Boston v. Stanton, No. 77-0907-CV-W-2.

CourtUnited States District Courts. 8th Circuit. Western District of Missouri
Citation450 F. Supp. 1049
Decision Date08 May 1978
PartiesAndrew BOSTON a/k/a Leon Jones, Plaintiff, v. Susan STANTON, Ray Coleman, and Samuel Newman, Jr., Defendants.
Docket NumberNo. 77-0907-CV-W-2.

450 F. Supp. 1049

Andrew BOSTON a/k/a Leon Jones, Plaintiff,
v.
Susan STANTON, Ray Coleman, and Samuel Newman, Jr., Defendants.

No. 77-0907-CV-W-2.

United States District Court, W. D. Missouri, W. D.

May 8, 1978.


450 F. Supp. 1050
COPYRIGHT MATERIAL OMITTED
450 F. Supp. 1051
Andrew Boston, pro se

Willard B. Bunch, County Counselor, Jackson County, John Edward Cash, Associate County Counselor, Kansas City, Mo., for defendants.

MEMORANDUM AND ORDER

COLLINSON, District Judge.

Plaintiff, a former inmate of the Jackson County Jail now confined at the Missouri State Penitentiary, Jefferson City, has filed a pro se civil rights complaint under 42 U.S.C. § 1983 challenging various conditions and occurrences in the Jail. In a previous order, the Court dismissed plaintiff's claims for equitable and declaratory relief as moot, granted provisional leave to proceed in forma pauperis on plaintiff's claims for damages, and directed defendants to show cause why leave to proceed in forma pauperis should not be granted unconditionally. Defendants have now filed their response to the show cause order. In addition, plaintiff has filed a motion for appointment of counsel, a motion to vacate the Court's order of February 28, 1978 granting defendants an extension of time in which to file their response to the show cause order, and a motion "for a summary and/or default judgment."

Before turning to the issues in this action, it is necessary to discuss plaintiff's involvement with Jail officials at some

450 F. Supp. 1052
length. It appears from records submitted by defendants that Boston originally came to the Jail in March 1977 after he was charged with stealing property valued at more than fifty dollars. He remained confined there until June 30, 1977. On that day, defendant Newman, a jail employee, escorted him to the Truman Medical Center for a medical examination. Once out of Newman's sight, plaintiff simply walked away from the hospital. He was not recaptured until October 29, 1977

Upon his return to the Jail, it appears that plaintiff was taken before an institutional disciplinary panel for a hearing. The hearing report, submitted by defendants as an exhibit, states that Boston admitted walking away from the hospital. The disciplinary panel ordered Boston to be confined in maximum security for thirty days and permanently assigned to the fourteenth floor of the Jail. Plaintiff appealed to defendant Stanton, asserting that he did not escape because no restraints were broken and no personal violence threatened or committed. He also repeated his earlier defense that Newman left the hospital before he departed. Defendant Stanton reversed the order directing permanent confinement on the fourteenth floor, but otherwise affirmed the decision.

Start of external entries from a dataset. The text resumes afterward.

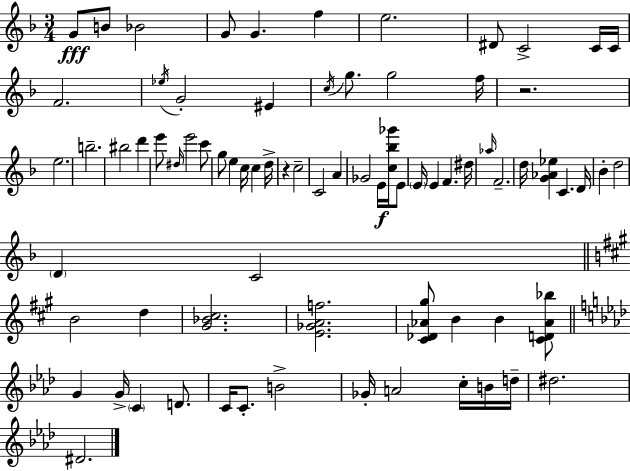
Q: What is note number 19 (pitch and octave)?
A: F5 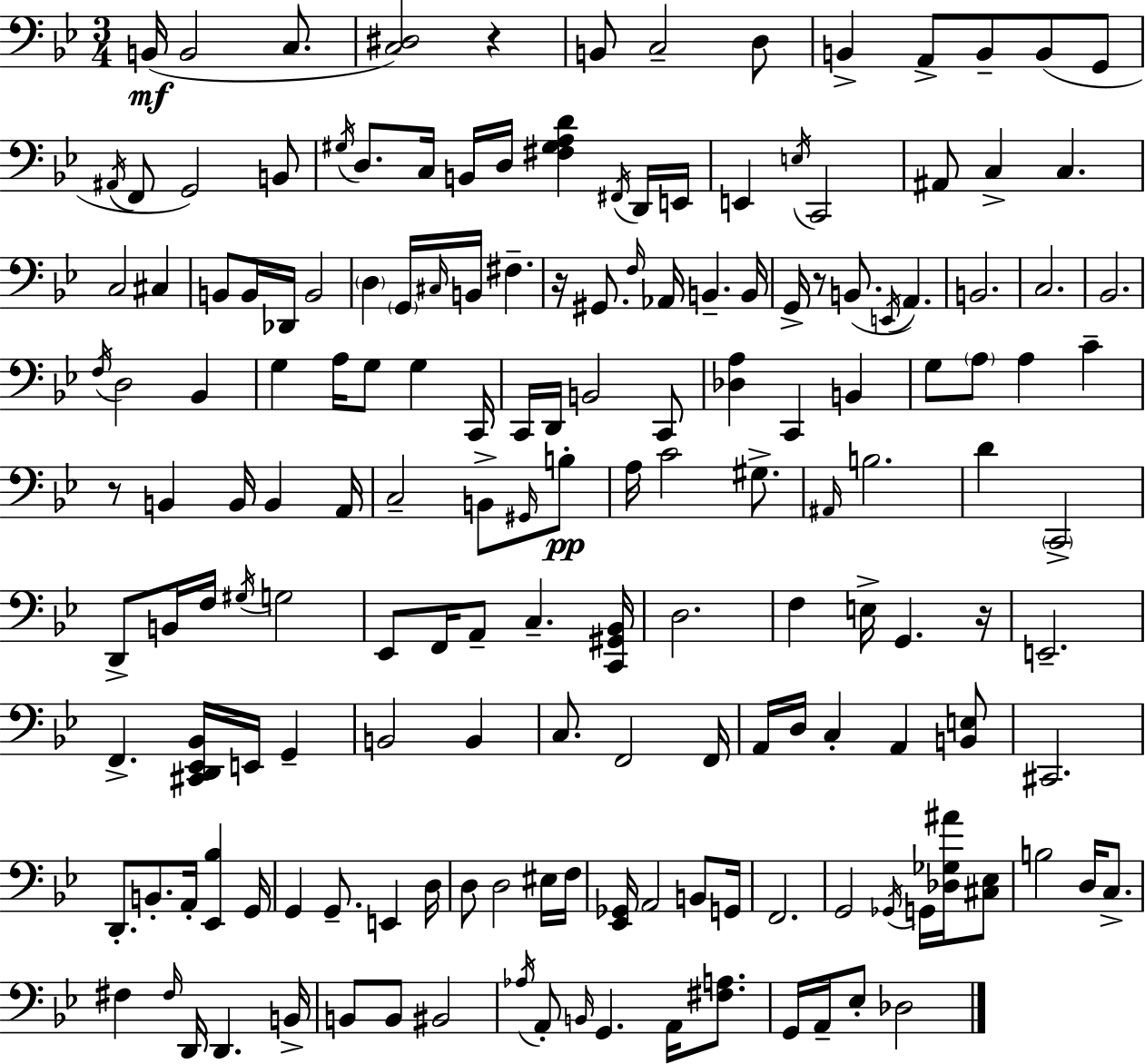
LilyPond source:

{
  \clef bass
  \numericTimeSignature
  \time 3/4
  \key bes \major
  \repeat volta 2 { b,16(\mf b,2 c8. | <c dis>2) r4 | b,8 c2-- d8 | b,4-> a,8-> b,8-- b,8( g,8 | \break \acciaccatura { ais,16 } f,8 g,2) b,8 | \acciaccatura { gis16 } d8. c16 b,16 d16 <fis gis a d'>4 | \acciaccatura { fis,16 } d,16 e,16 e,4 \acciaccatura { e16 } c,2 | ais,8 c4-> c4. | \break c2 | cis4 b,8 b,16 des,16 b,2 | \parenthesize d4 \parenthesize g,16 \grace { cis16 } b,16 fis4.-- | r16 gis,8. \grace { f16 } aes,16 b,4.-- | \break b,16 g,16-> r8 b,8.( | \acciaccatura { e,16 } a,4.) b,2. | c2. | bes,2. | \break \acciaccatura { f16 } d2 | bes,4 g4 | a16 g8 g4 c,16 c,16 d,16 b,2 | c,8 <des a>4 | \break c,4 b,4 g8 \parenthesize a8 | a4 c'4-- r8 b,4 | b,16 b,4 a,16 c2-- | b,8-> \grace { gis,16 }\pp b8-. a16 c'2 | \break gis8.-> \grace { ais,16 } b2. | d'4 | \parenthesize c,2-> d,8-> | b,16 f16 \acciaccatura { gis16 } g2 ees,8 | \break f,16 a,8-- c4.-- <c, gis, bes,>16 d2. | f4 | e16-> g,4. r16 e,2.-- | f,4.-> | \break <cis, d, ees, bes,>16 e,16 g,4-- b,2 | b,4 c8. | f,2 f,16 a,16 | d16 c4-. a,4 <b, e>8 cis,2. | \break d,8.-. | b,8.-. a,16-. <ees, bes>4 g,16 g,4 | g,8.-- e,4 d16 d8 | d2 eis16 f16 <ees, ges,>16 | \break a,2 b,8 g,16 f,2. | g,2 | \acciaccatura { ges,16 } g,16 <des ges ais'>16 <cis ees>8 | b2 d16 c8.-> | \break fis4 \grace { fis16 } d,16 d,4. | b,16-> b,8 b,8 bis,2 | \acciaccatura { aes16 } a,8-. \grace { b,16 } g,4. a,16 | <fis a>8. g,16 a,16-- ees8-. des2 | \break } \bar "|."
} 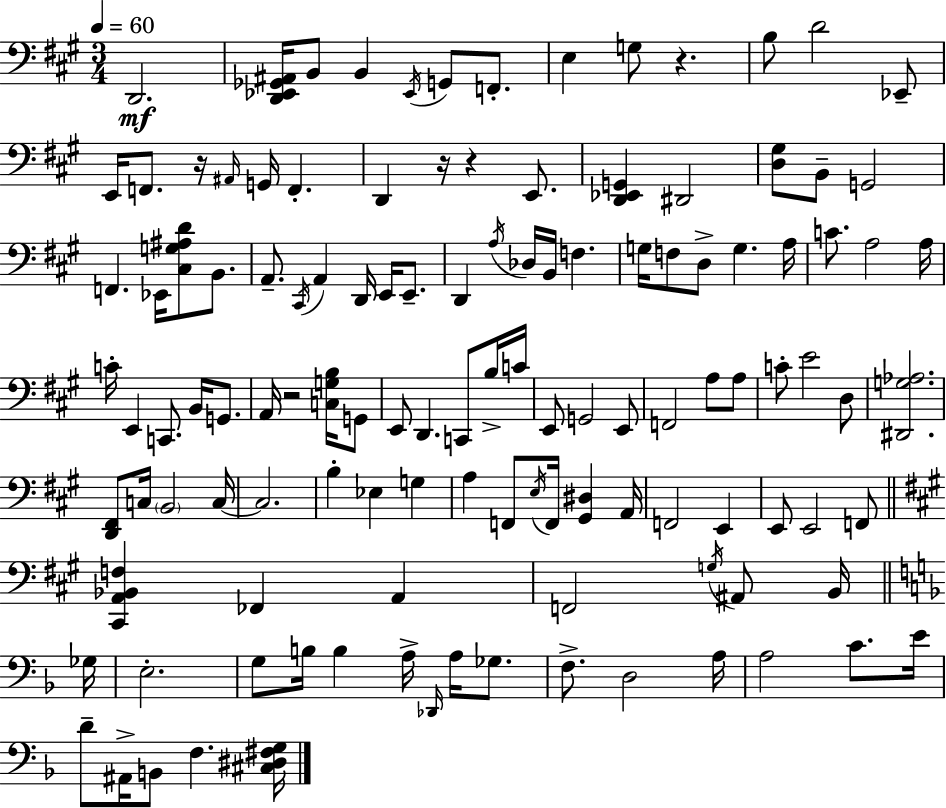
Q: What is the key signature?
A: A major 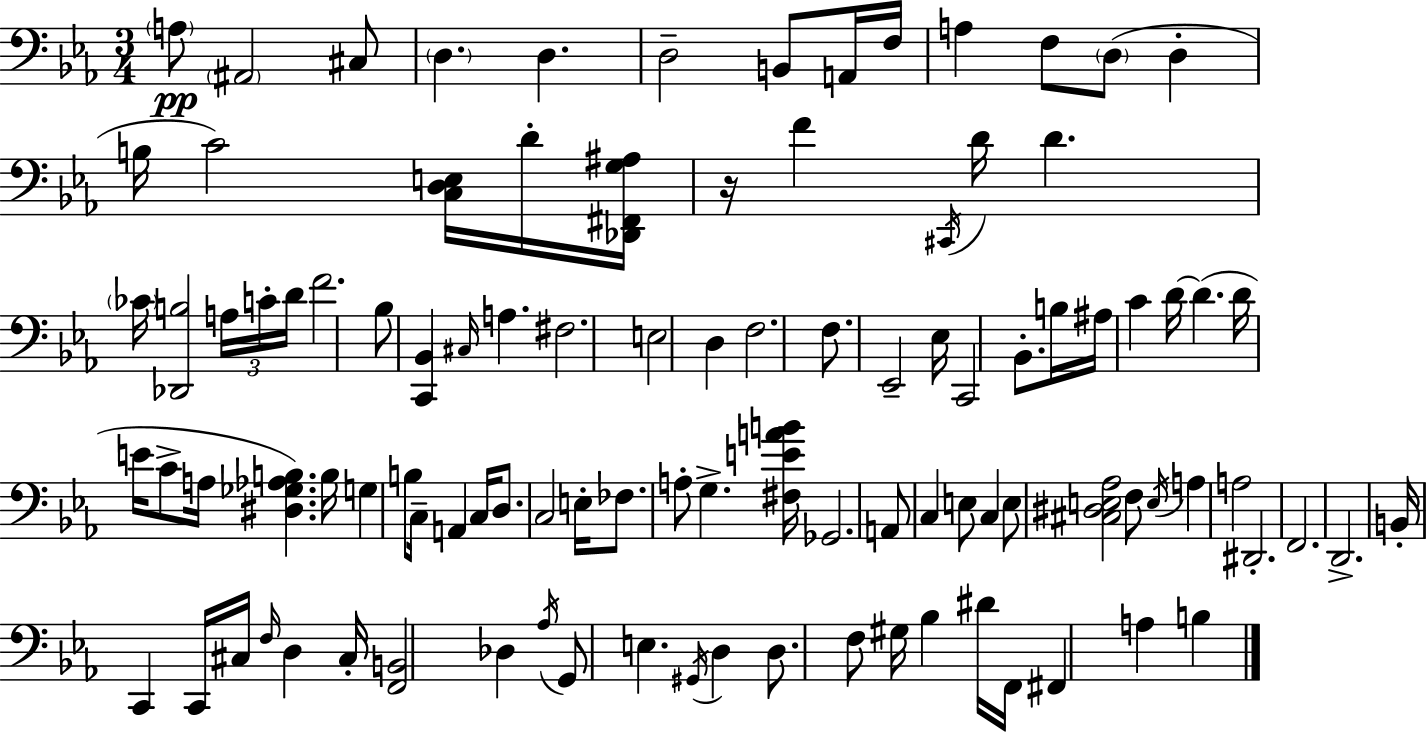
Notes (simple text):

A3/e A#2/h C#3/e D3/q. D3/q. D3/h B2/e A2/s F3/s A3/q F3/e D3/e D3/q B3/s C4/h [C3,D3,E3]/s D4/s [Db2,F#2,G3,A#3]/s R/s F4/q C#2/s D4/s D4/q. CES4/s [Db2,B3]/h A3/s C4/s D4/s F4/h. Bb3/e [C2,Bb2]/q C#3/s A3/q. F#3/h. E3/h D3/q F3/h. F3/e. Eb2/h Eb3/s C2/h Bb2/e. B3/s A#3/s C4/q D4/s D4/q. D4/s E4/s C4/e A3/s [D#3,Gb3,Ab3,B3]/q. B3/s G3/q B3/e C3/s A2/q C3/s D3/e. C3/h E3/s FES3/e. A3/e G3/q. [F#3,E4,A4,B4]/s Gb2/h. A2/e C3/q E3/e C3/q E3/e [C#3,D#3,E3,Ab3]/h F3/e E3/s A3/q A3/h D#2/h. F2/h. D2/h. B2/s C2/q C2/s C#3/s F3/s D3/q C#3/s [F2,B2]/h Db3/q Ab3/s G2/e E3/q. G#2/s D3/q D3/e. F3/e G#3/s Bb3/q D#4/s F2/s F#2/q A3/q B3/q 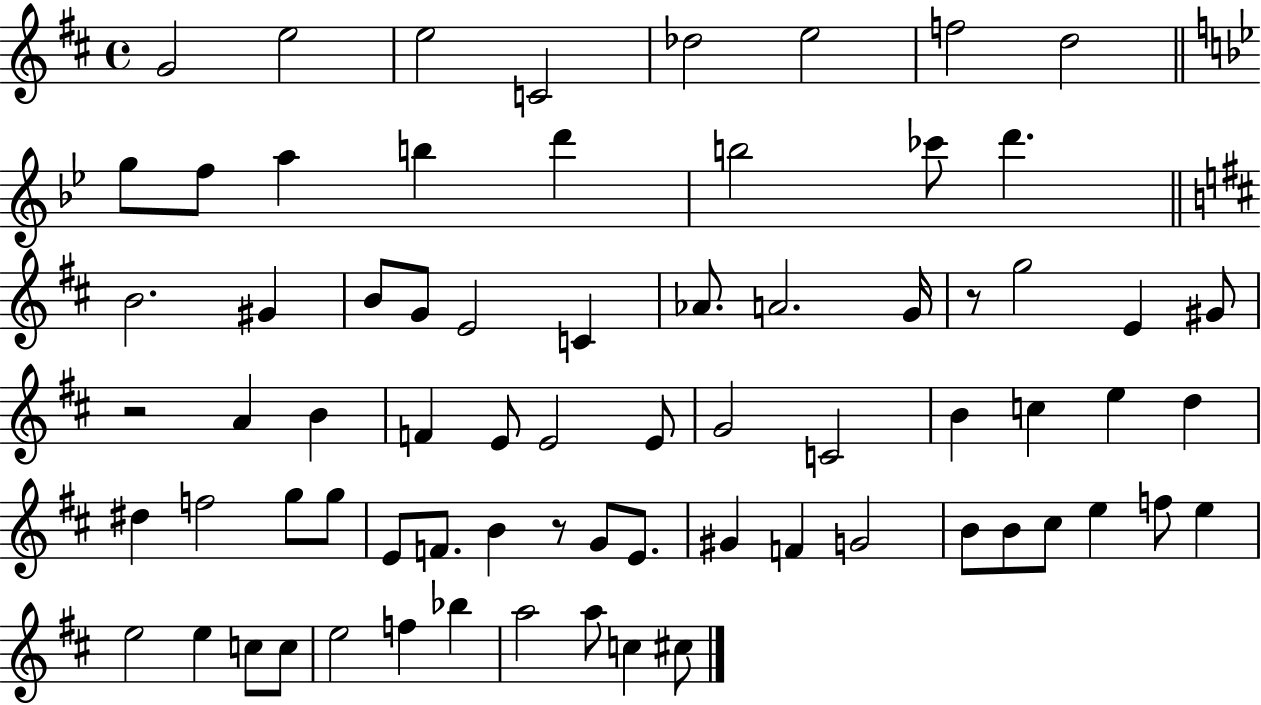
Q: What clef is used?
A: treble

By the time plaintiff returned to the Jail, it appears that defendant Newman was Floor Supervisor for the midnight shift in the Maximum Security section. Plaintiff alleges that he was verbally and physically harassed by Newman while confined in maximum security. Plaintiff also asserts that he was deliberately served cold or unpalatable food and that his rations were reduced by Newman. The complaint also asserts that Newman was responsible for a shakedown in which plaintiff was allegedly physically harassed by an unnamed "300 pound corrections officer." Plaintiff admits, however, that he threw one of his meals at a control center window prior to the shakedown described above. Records submitted by defendants indicate that the shakedown was ordered only after plaintiff threw food at the control center window. The records also indicate that plaintiff was put on a diet of sandwiches and fruit until he decided not to throw food.

The complaint also refers to two other grievances. First, plaintiff asserts that defendants denied his access to the Jail Law Library, and interfered with his right of self-representation by denying him access to commissary items, such as paper and envelopes. He also alleges that he was denied proper medical care. No factual allegations are advanced to support this claim.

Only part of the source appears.